1912 MORS MODEL NX 12/15HP TWO SEATER AND DICKEY
COACHWORK BY SINCLAIR & CO.
Registration No. LE 8956
Chassis no. 120502
Engine no. 120502
Blue and black with scarlet coachlining
Engine: Four-cylinder monobloc side-valve (L-head) 75mm x 120mm bore & stroke (2120cc), water-cooled with pump, ignition by magneto, Zenith carburettor; Gearbox: Mors patent contracting clutch, 3-speed & reverse, shaft drive to bevel back axle; Suspension: semi-elliptic front springs and ¾-elliptic rear; Brakes: external expanding on rear wheels from right-hand lever, by foot pedal on transmission. Right-hand drive.
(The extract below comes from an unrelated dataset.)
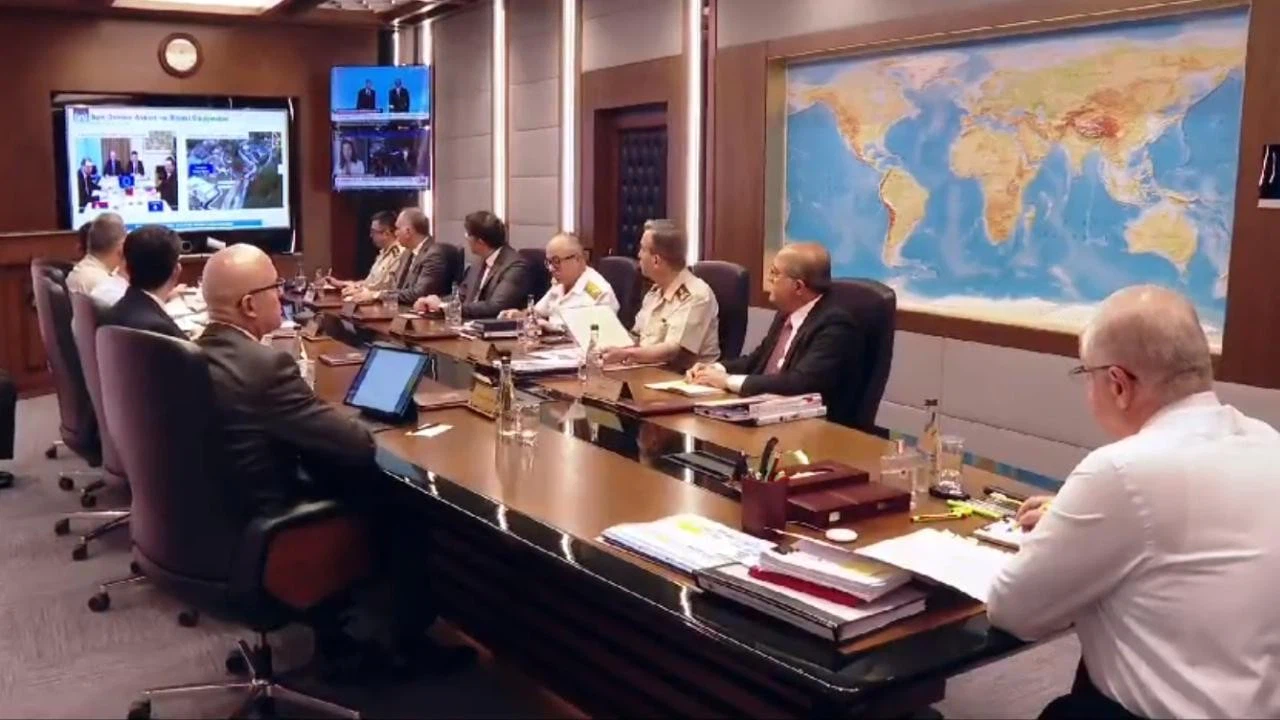 Bakan Güler’den, sınır ötesi toplantı!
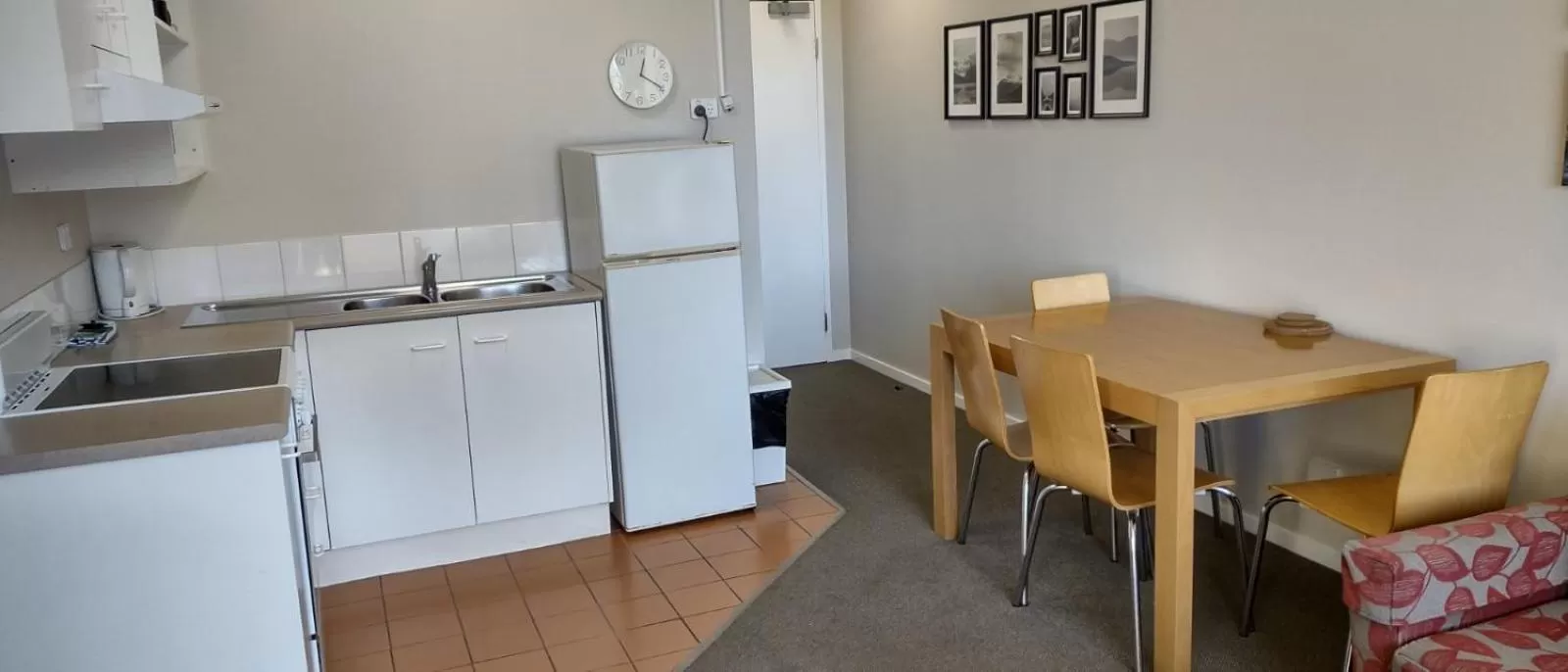 Chasely Apartment Hotel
The Société de l'Electricité et des Automobiles Mors began making motorcars in 1896 and by the turn of the century has become established as one of the great marques, with a string of racing successes culminating in first place in the heroic Paris-Madrid race of 1903 that was terminated at Bordeaux. Cars were made in limited numbers where they were amongst the most expensive on the market, and generous dividends were paid to shareholders. But complacency in design and management set in and by the end of 1907 the firm was bordering on liquidation. It was saved by selling company assets to Louis Mors and by the introduction of André Citroën to the board, of which he soon became managing director. By a process of restructuring the company, introducing new production methods, improving labour relations, and bringing to the market a range of cars at realistic prices, Citroën saved Automobiles Mors.
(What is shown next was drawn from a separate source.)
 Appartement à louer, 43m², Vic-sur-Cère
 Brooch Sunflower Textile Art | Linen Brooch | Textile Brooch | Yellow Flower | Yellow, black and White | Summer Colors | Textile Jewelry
For 1912, six four-cylinder models were available from 2.1 to 7.2-litres, with emphasis being placed on the smaller cars. The 12/15hp was described by The Motor in December 1911 as being 'a capital little car' with 'two comfortable seats in front, and, if needed a disappearing seat behind'. It went on: 'the chassis much on the lines of this year's 10/12hp model. The gear ratios have been slightly altered, a torque bar added, the setting of the frame members altered and a few other little details modified so as to make an even better model than the few other little details modified so as to make an even better model than the well-proved 10/12hp type'. The 12/15 cost £280 in chassis form and £345 when bodied, so the model was in the medium price range for its type. Mors were sold in Britain by the firm's London branch from premises in Long Acre which The Motor described as 'magnificent'.
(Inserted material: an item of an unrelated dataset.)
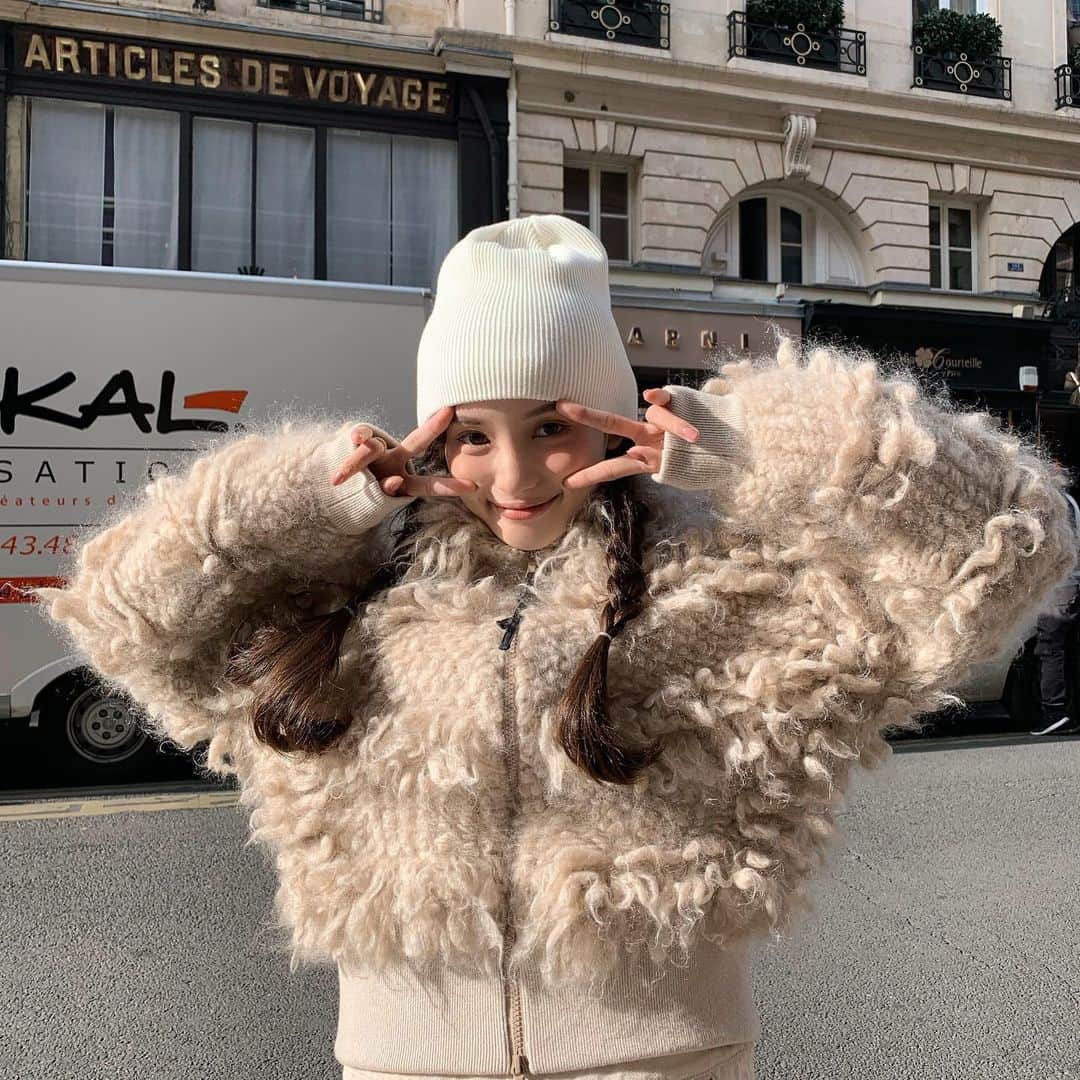 リン・シャオザイのインスタグラム：「🐑」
This example apparently found its way to Australia although the London registration, 'LE', that was current from June 1911 through to December 1912 indicates that it was originally used in the capital. It was re-imported in the early 1950s in complete but neglected condition and was restored by Bill Bradley of Stourport-on-Severn. In 1959, the Mors was acquired by the Austin family of Burley in Hampshire who last taxed it in 1964.
Such is the specification of the car's body, exactly as described by The Motor, that one suspects that the builders: Sinclair & Co, of 45 Horseferry Road, Westminster; were the makers of Mors (England) Ltd of standard bodies on the 12/15 chassis for although Mors had a repair establishment in North-West London largely staffed by French Personnel, they did not include coachbuilding in their activities. Sinclair had a substantial business, and although not recorded in recent publications were successful enough to still be working as coachbuilders in 1928 at premises in Clapham.
The car appears to be essentially complete, including rarely surviving items such as undertrays, but the maker's plate, that was in the front face of the dashboard, and the lamps are no longer present. The specification accords with that published in contemporary journals and listings, including the Zenith carburettor (and SU was standardised for 1913), and the Sankey detachable wheels. Restoration, for the second time in the car's life looks to be fairly straightforward, bearing in mind of course the fact that it has not been used on the road for almost forty years.